Realism about security: SRMS promotes a systematic, comprehensive approach to security. However, we understand that information protection is more than a model; it must always happen within the larger context of the business. There are so many aspects to this that it’s hard to know where to begin. Even risk management - which is where we say to start - can be treacherous, and this has led us to addressing methodologies for both quantifiable and non-quantifiable risks.

Thematic focus: In our recent VantagePoint 2007 webcast, we identified five themes that we’ll be tracking closely: proactive security, de-perimeterization, raising the bar on OS (and endpoint) security, creating information-centric security architecture and achieving sustainable compliance. As important events or thoughts on these themes emerge, we’ll be sure to address them in the blog.

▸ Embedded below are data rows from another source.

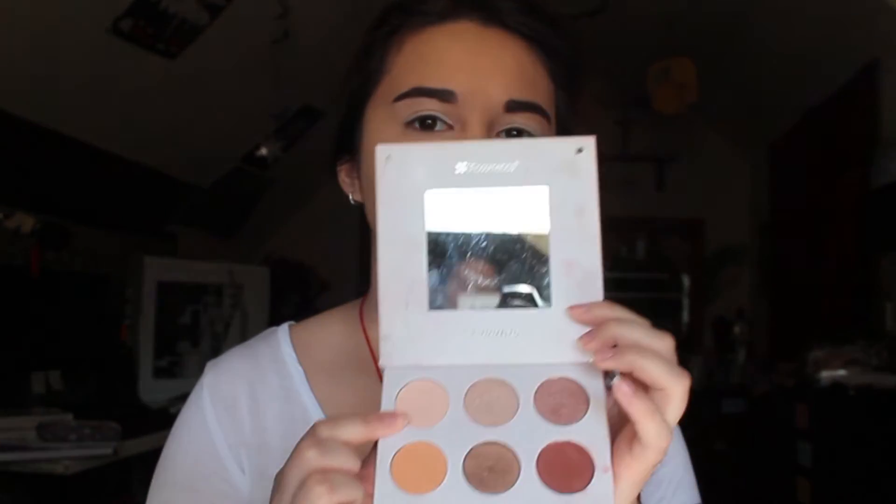Alrighty, after that, of course, we'll be digging into our Shan XO Palette. The first color I'm going to dig into is this white color right here, just so my white liner on my eyes can have a more matte finish. And I'll be doing that using my Sigma E38 brush.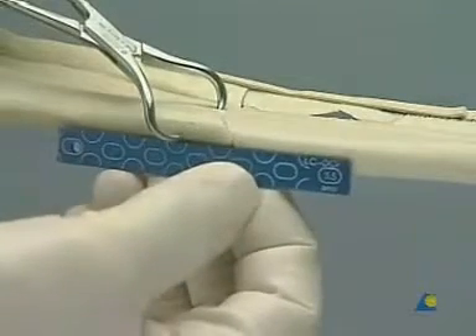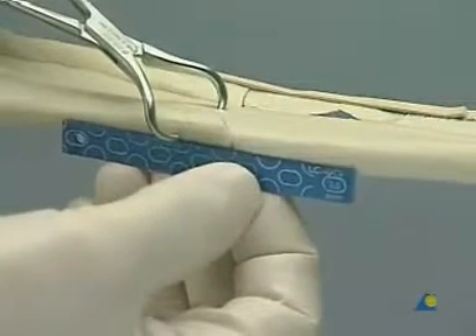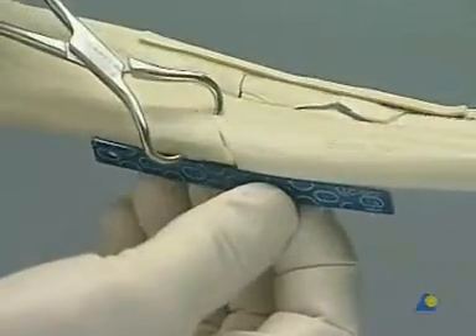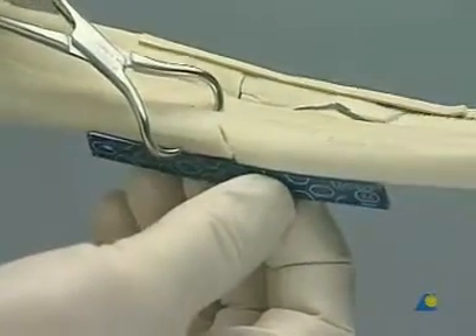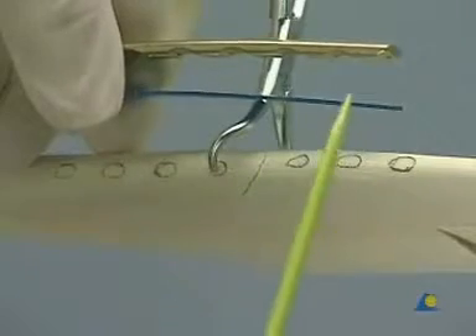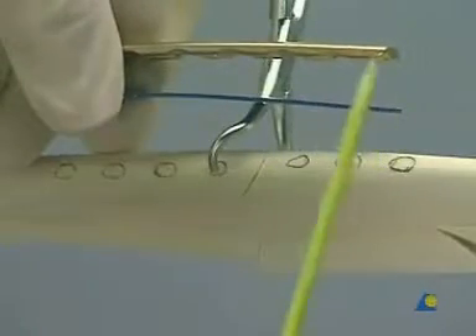Use a template to contour the plate to the lateral surface of the radius, so as to leave three holes proximal and four holes distal to the fracture line. The need to place the lag screw at a right angle to the fracture line will determine the final position of the plate.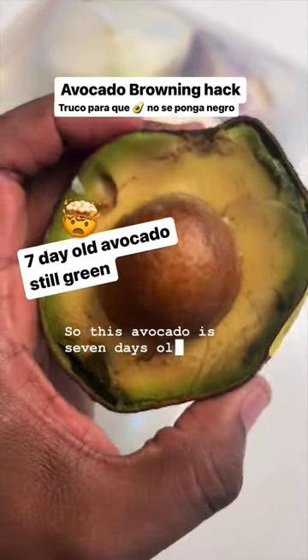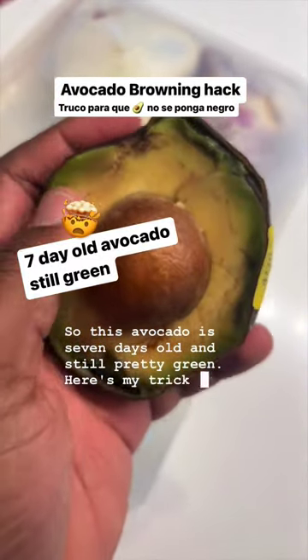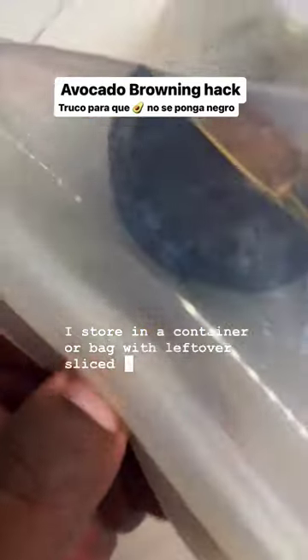This avocado is seven days old and still pretty green. Here's my trick to keep it from browning: I store it in a container or bag with leftover sliced onion.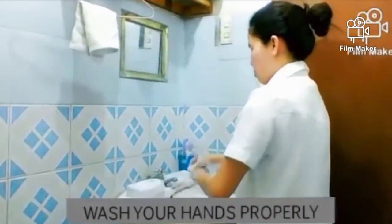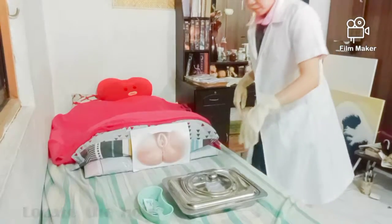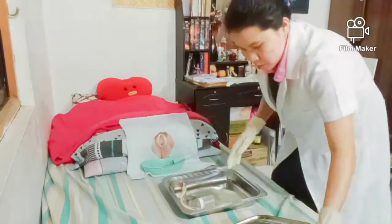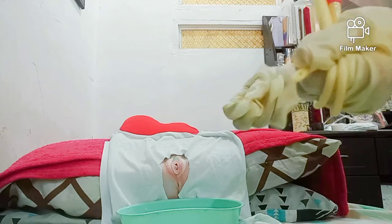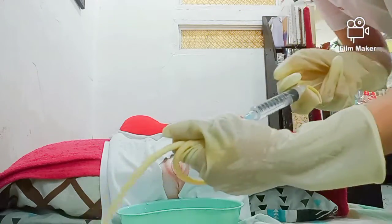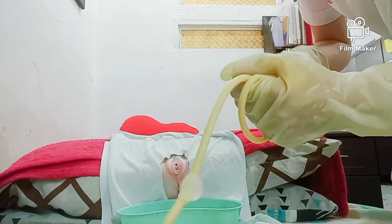Next is to perform handwashing. Always check if the area is clean and perform gloving. Check the natural vent of the catheter by twisting it around your hand and check the patency by inflating the balloon. Then withdraw, making sure that you withdraw the 10cc of sterile water.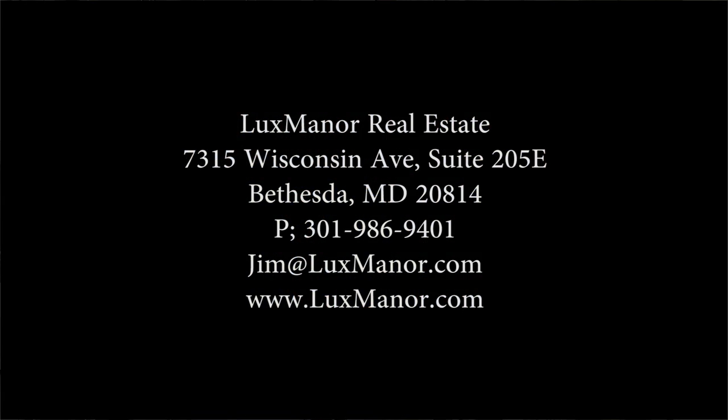If you like the quality and efficiency of this video, contact a Lux Manor realtor the next time you're ready to buy or sell a home.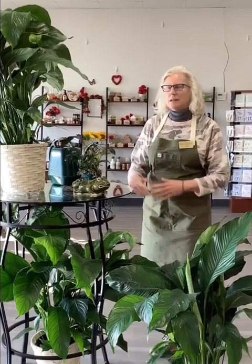Hello flower friends. Today we're going to talk about the Pistoli, or Latin name Spathophyllum. This is a super easy plant to grow indoors. It likes medium indirect light, so that means a northern or eastern exposure close to a window is best.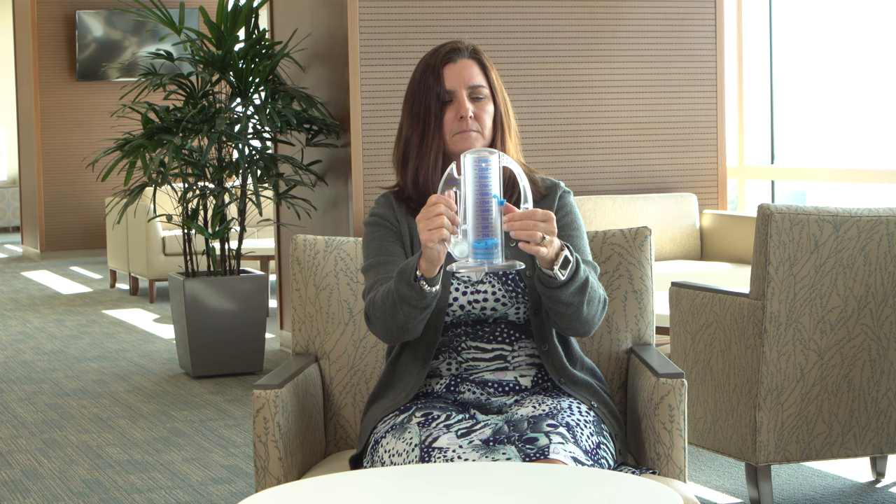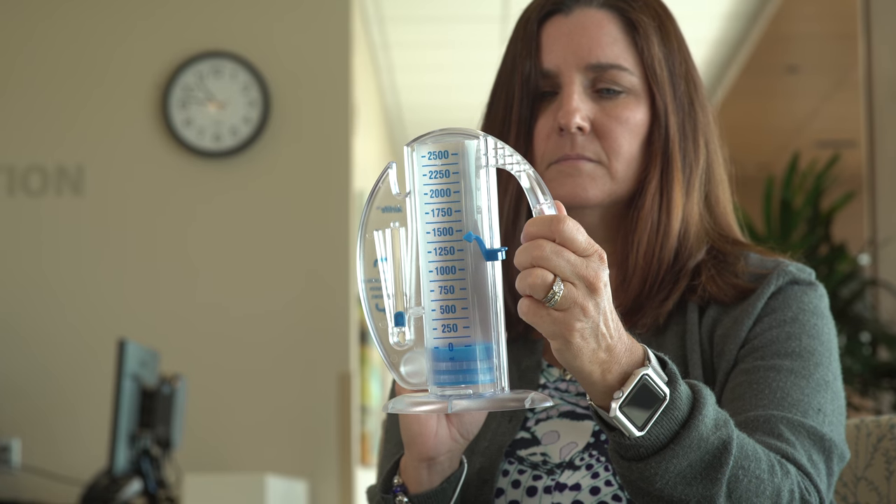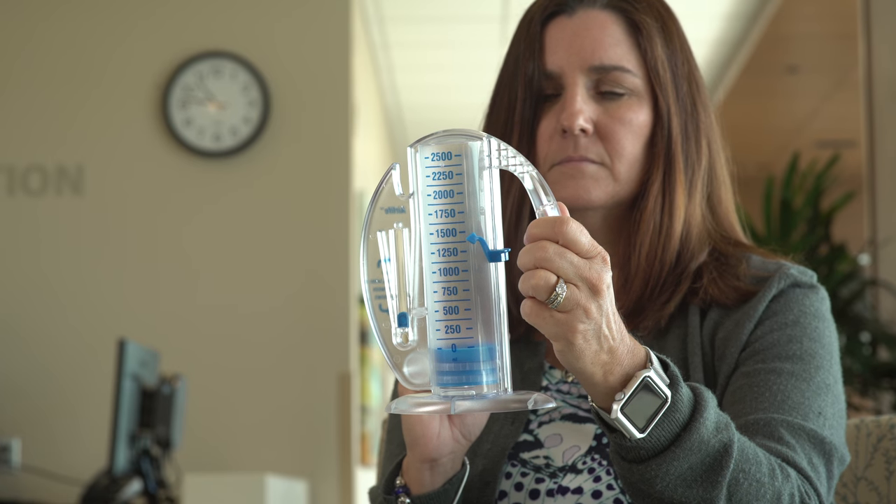Position the marker on the left side of the spirometer to show your best effort. Use the marker as a goal to work toward during each slow deep breath.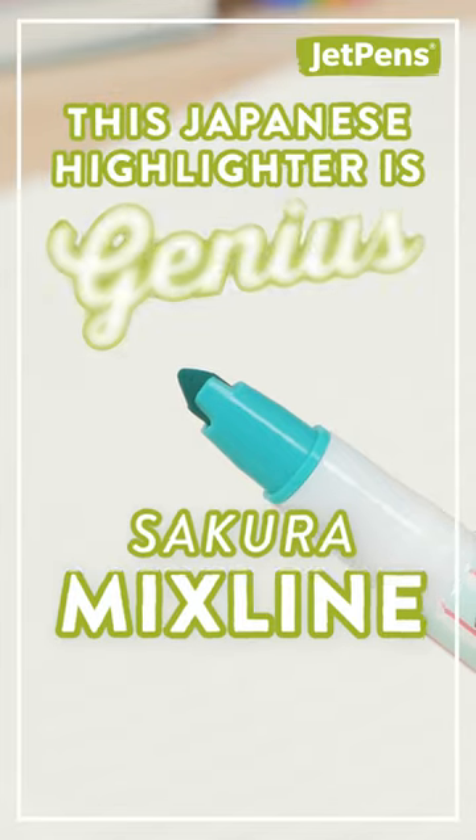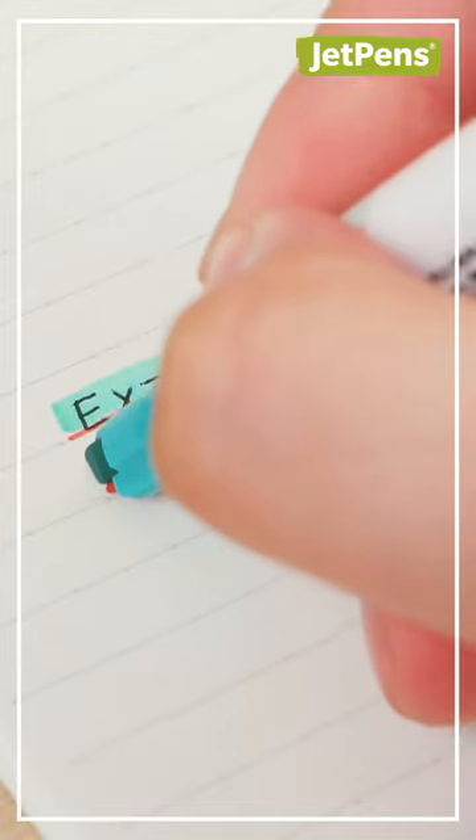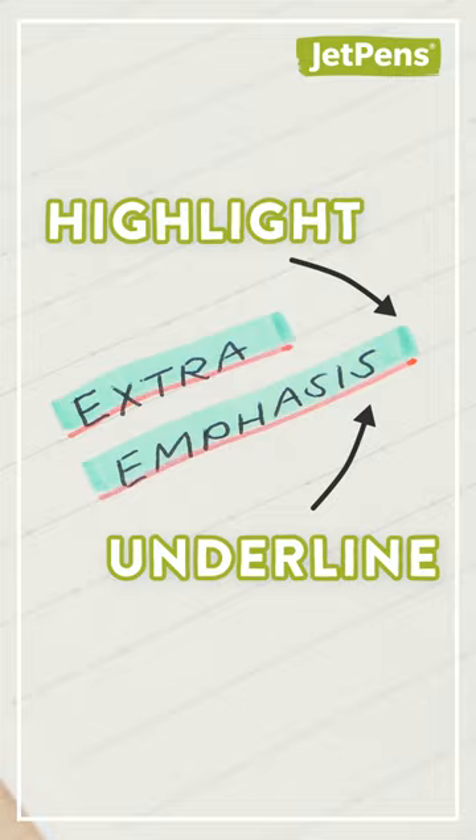The Sakura Mixed Line is a genius highlighter. It has a fine liner right next to the highlighter tip. The two tips create a highlight with an underline, giving the text extra emphasis.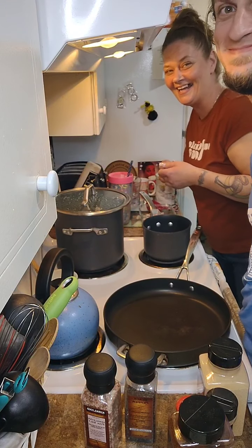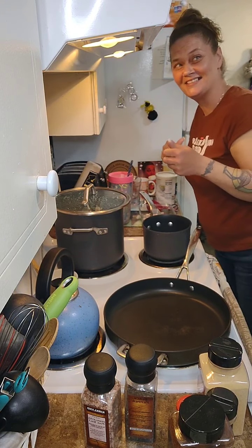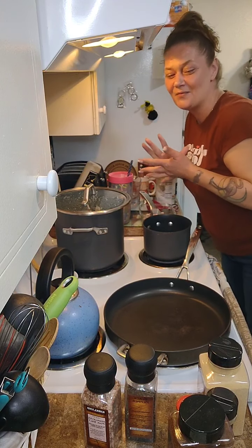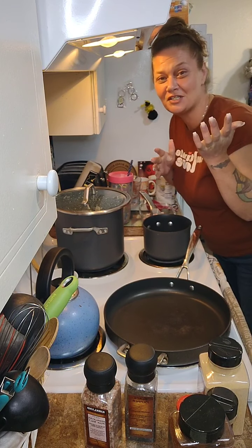Step in. You kind of have to lean in a little bit. Hello, hello! Welcome to My Barebones Kitchen. We're doing Southern Sunday today, and we have my lovely friend Chad.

Make a difference: Information security is not a game; bad things are happening to people and organizations all the time. Yes, we’re in this business to make money, but what also keeps us motivated is the opportunity to score wins for the defense. Whether it’s improving the thought process, encouraging responsible behavior or promoting better practices, standards or better ways for information protection to work, we want to be on it. In keeping with current coverage themes, we’re very interested false positives reduction, reputation based trust, data redaction, endpoint and data virtualization, security event standards and other areas where breakthroughs are needed.

Feedback loop: Comments are turned on, and we’ll use them to have a discussion with the industry. If you have further ideas on what we’ve covered, or even if you disagree with something we wrote, please chime in. Time permitting, we’ll also to participate in ongoing blogosphere discussions, even if they occur on other blogs.